- _Work to complete_: Return the data below unchanged, without images.
#### Dataset content ####
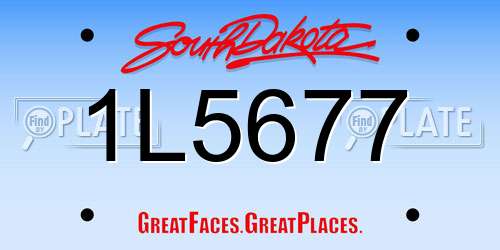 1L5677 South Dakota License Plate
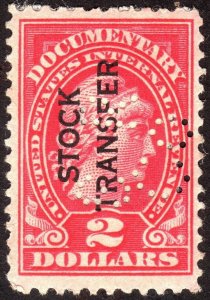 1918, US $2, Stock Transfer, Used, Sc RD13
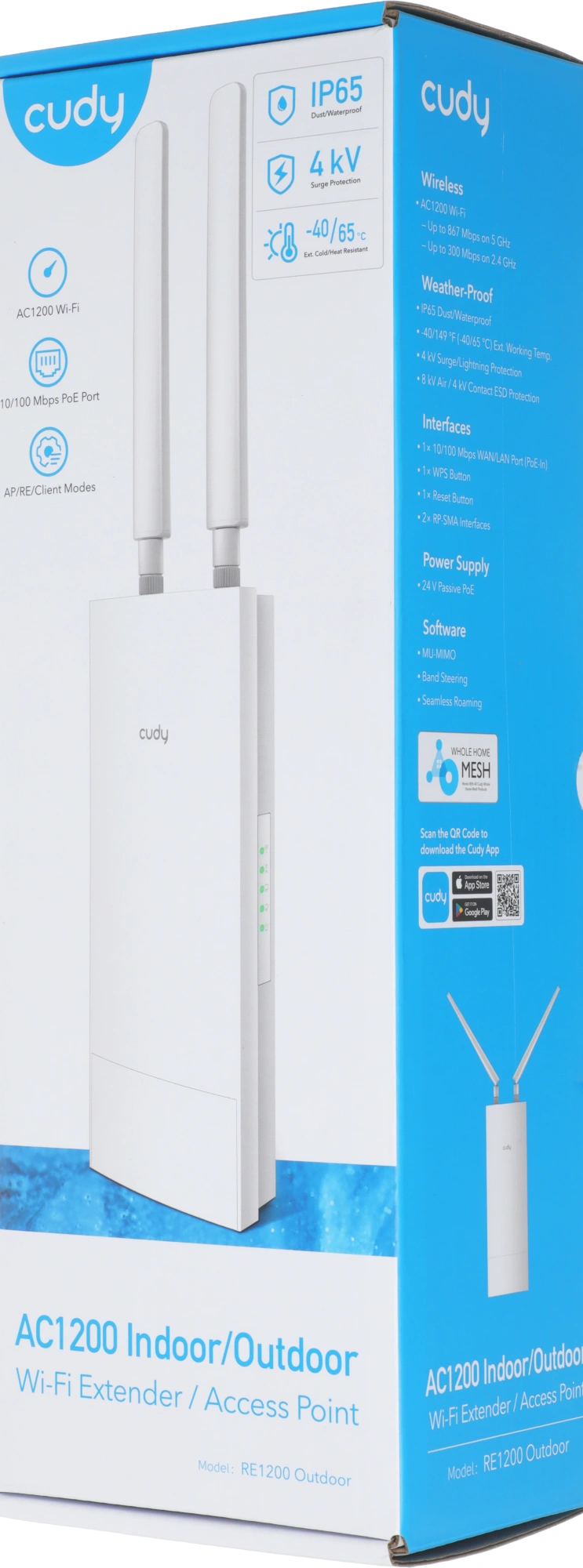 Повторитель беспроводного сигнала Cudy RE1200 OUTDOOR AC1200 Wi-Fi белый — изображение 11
####
- _Exercise answer_:
 1L5677 South Dakota License Plate
 1918, US $2, Stock Transfer, Used, Sc RD13
 Повторитель беспроводного сигнала Cudy RE1200 OUTDOOR AC1200 Wi-Fi белый — изображение 11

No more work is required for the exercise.